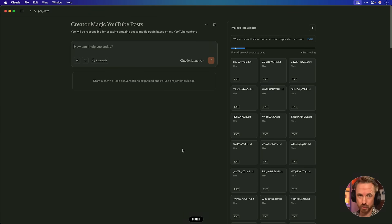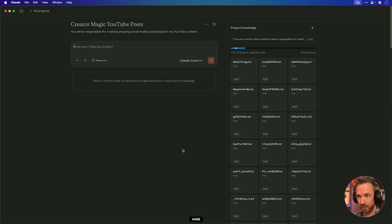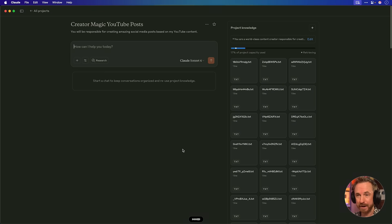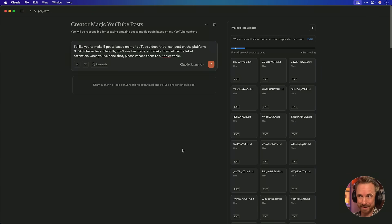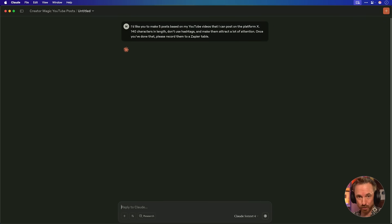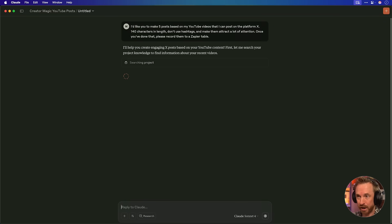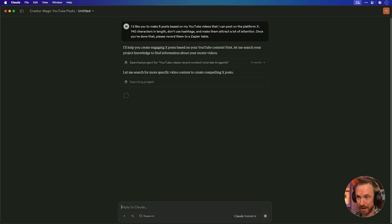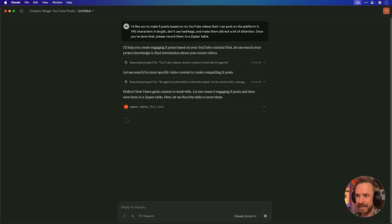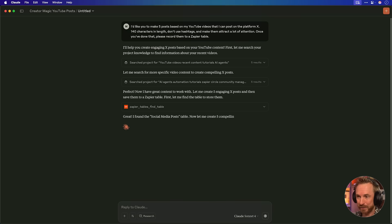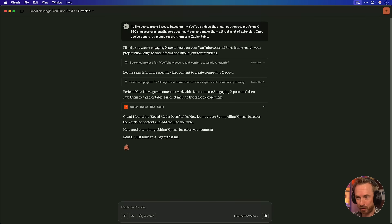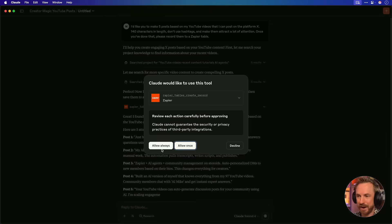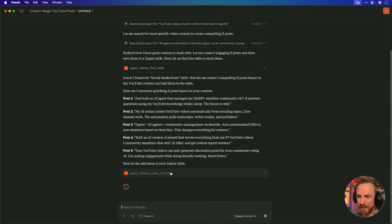And it's going to go ahead and use its brain and its hands to use the tools that I've given it. I'd like you to make five posts based on my YouTube videos that I can post on the platform X. 140 characters in length don't use hashtags and make them attract a lot of attention. Once you've done that, please record them to a Zapier table. That's all I need to say. My AI has the brain and also the hands to use the MCP tools via my Zapier integration. You can see it's already searched my project. It's searching again to create compelling X posts based on specific videos. Now it has great content to work with. It's going to go ahead and use the Zapier table integration via the Zapier MCP to add them. And it's found the social media post table I just created.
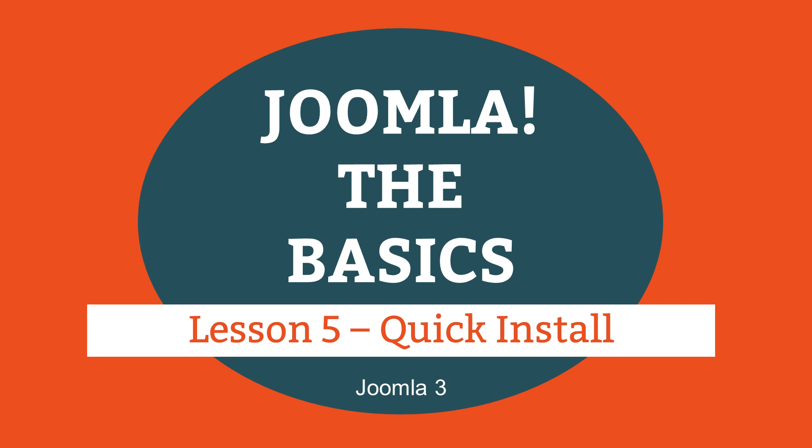This is lesson 5 of 16 lessons on how to build a Joomla website. This lesson demonstrates how to install Joomla using a script provided by your web host. This is a fast method of installing Joomla as the script adds the necessary files and creates a database for you. The script I demonstrate is called Softaculous, but the same principles apply with other solutions.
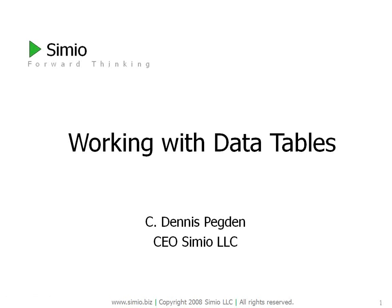Thanks for joining this tutorial on working with data tables. Data tables are a powerful concept in Simeo that allow you to take all the data that you'd normally carry with an entity, put it off into a data table or multiple data tables, and then simply reference that information from the entity.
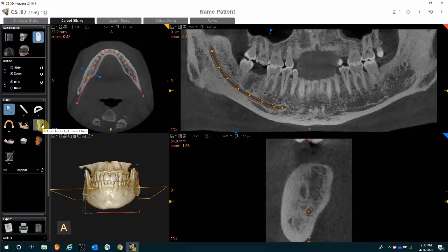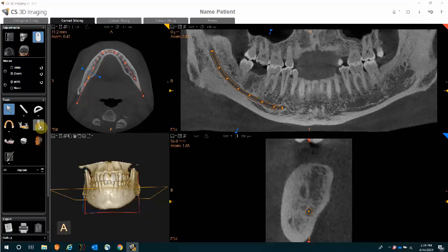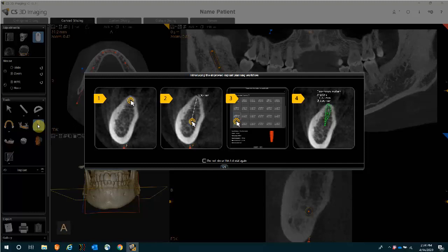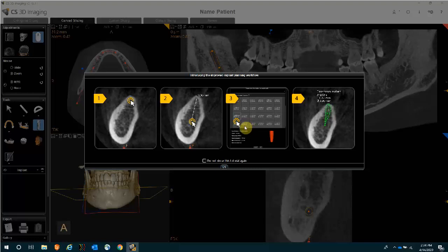With the panoramic view displayed, the nerve traced, and the potential implant site displayed, click the icon in the left-hand tool section that looks like an implant to activate the implant placement tool. As you click on that icon, you are given instructions on how to place an implant. In step one, click at the top of the bone. In step two, drag down and angle left or right, and when satisfied, click again. If you don't want to see this tutorial again, select the option not to show it again and click OK.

*THE TASK*.
With the images omitted, return the full material exactly.

*REPLY*.
And it's going to go ahead and use its brain and its hands to use the tools that I've given it. I'd like you to make five posts based on my YouTube videos that I can post on the platform X. 140 characters in length don't use hashtags and make them attract a lot of attention. Once you've done that, please record them to a Zapier table. That's all I need to say. My AI has the brain and also the hands to use the MCP tools via my Zapier integration. You can see it's already searched my project. It's searching again to create compelling X posts based on specific videos. Now it has great content to work with. It's going to go ahead and use the Zapier table integration via the Zapier MCP to add them. And it's found the social media post table I just created.
This is lesson 5 of 16 lessons on how to build a Joomla website. This lesson demonstrates how to install Joomla using a script provided by your web host. This is a fast method of installing Joomla as the script adds the necessary files and creates a database for you. The script I demonstrate is called Softaculous, but the same principles apply with other solutions.
Thanks for joining this tutorial on working with data tables. Data tables are a powerful concept in Simeo that allow you to take all the data that you'd normally carry with an entity, put it off into a data table or multiple data tables, and then simply reference that information from the entity.
With the panoramic view displayed, the nerve traced, and the potential implant site displayed, click the icon in the left-hand tool section that looks like an implant to activate the implant placement tool. As you click on that icon, you are given instructions on how to place an implant. In step one, click at the top of the bone. In step two, drag down and angle left or right, and when satisfied, click again. If you don't want to see this tutorial again, select the option not to show it again and click OK.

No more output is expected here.